Just yesterday I ran across this example: "(っ˘▽˘)っ :cloud: ⊂(◕。◕⊂)" in the Parse SDK repo, which I found especially distracting, and in general, kind of turned me off from the project (even though I know Parse is awesome). I agree that UTF and special-chars should be permissable; I don't agree that if they don't actually communicate something, they should be used anyway. Maybe this cute 'moticon trend is trendy, but for my buck$, I'd rather things just be kept simple. My eyeballs see (っ˘▽˘)っ :cloud: ⊂(◕。◕⊂) as line-noise, mostly, and make me wonder if there are other such typo's to be found in the attached code-base.
>Just yesterday I ran across this example: "(っ˘▽˘)っ :cloud: ⊂(◕。
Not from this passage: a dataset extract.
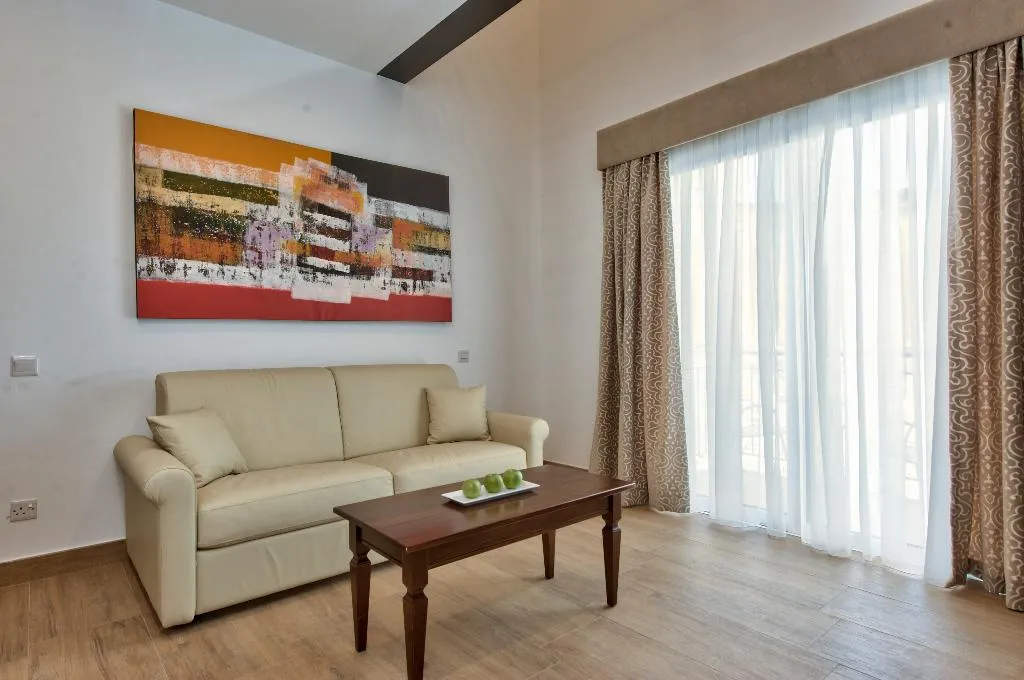 SUITE DUPLEX Room, Palazzo Violetta, Malta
◕⊂)" in the Parse SDK repo, which I found especially distracting, and in general, kind of turned me off from the project (even though I know Parse is awesome).
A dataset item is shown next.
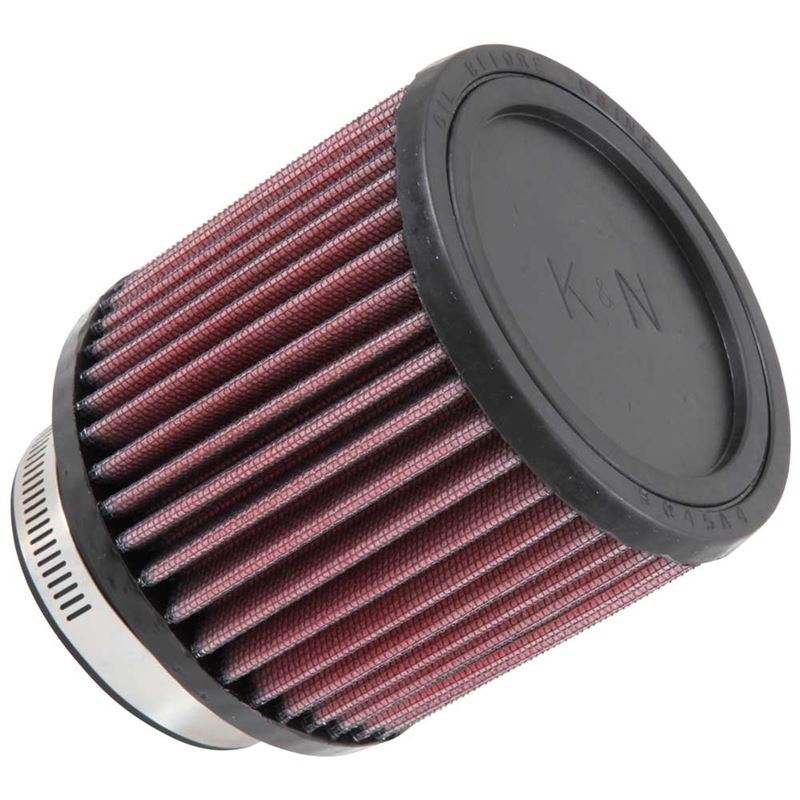 Universal Clamp-On Air Filter (RB-0900)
This reasoning turns me off from types who have it.
It's not like they use emoticons everywhere -- and if having one is the big distraction one can complaint about, then their repo is in excellent shape.
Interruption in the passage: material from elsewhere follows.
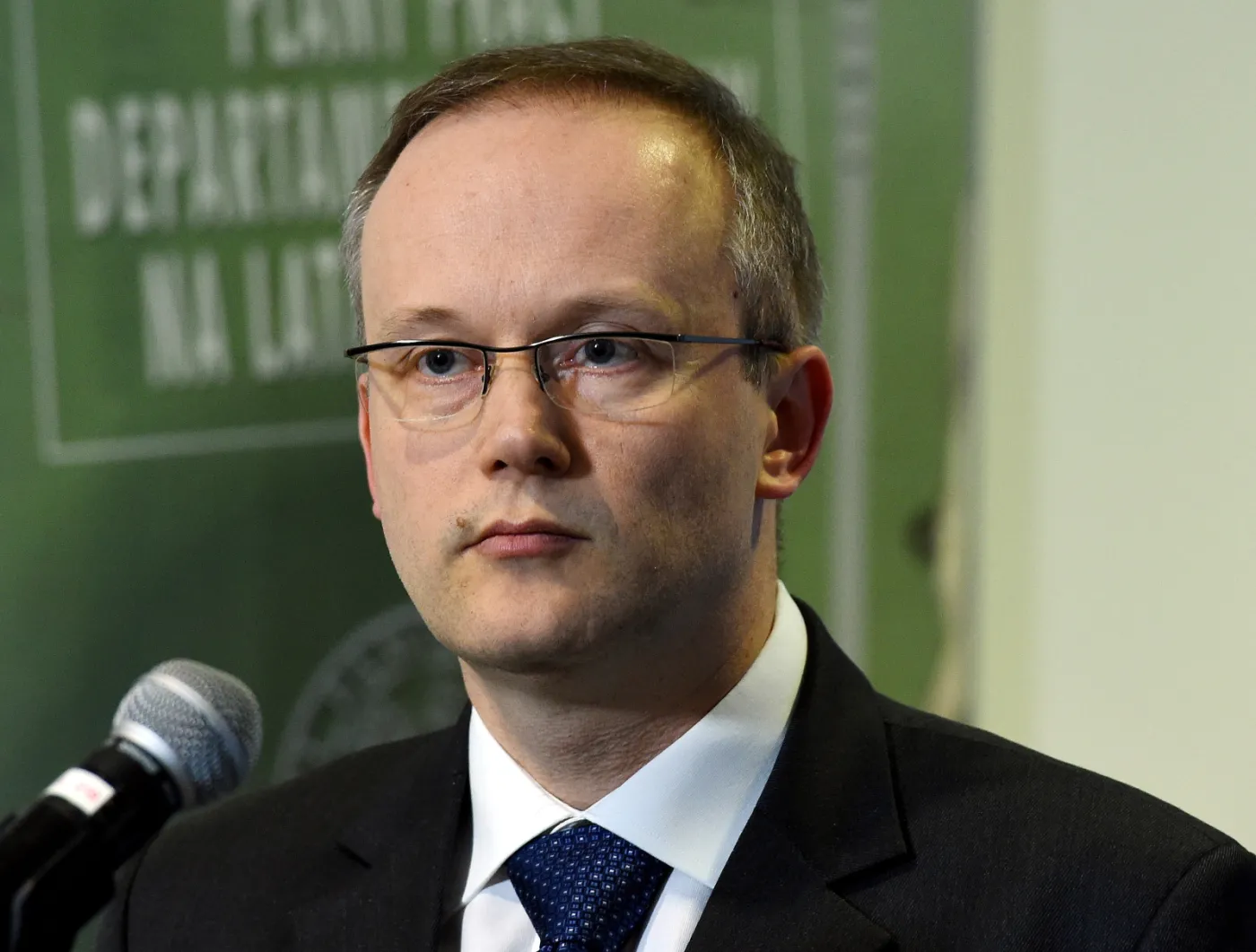 Łukasz Kamiński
Some Unicode characters can also move the cursor in strange ways. I think most of them only work in GUI programs, though. (See the list of bad strings above)
We are all gonna die anyway. The mature commiters too, including everybody they love.
And all of their "serious" work will amount to absolutely nothing in just 100 years (that's it if they're lucky: for most their work wont matter at all in 10 or 20 years, their companies shuw down, or bought and dismantled, their startup dreams shattered etc.).
(A lot of them will even regret working so hard and giving importance to the BS they gave importance to after they retire).
Just to put some mature perspective on being playful.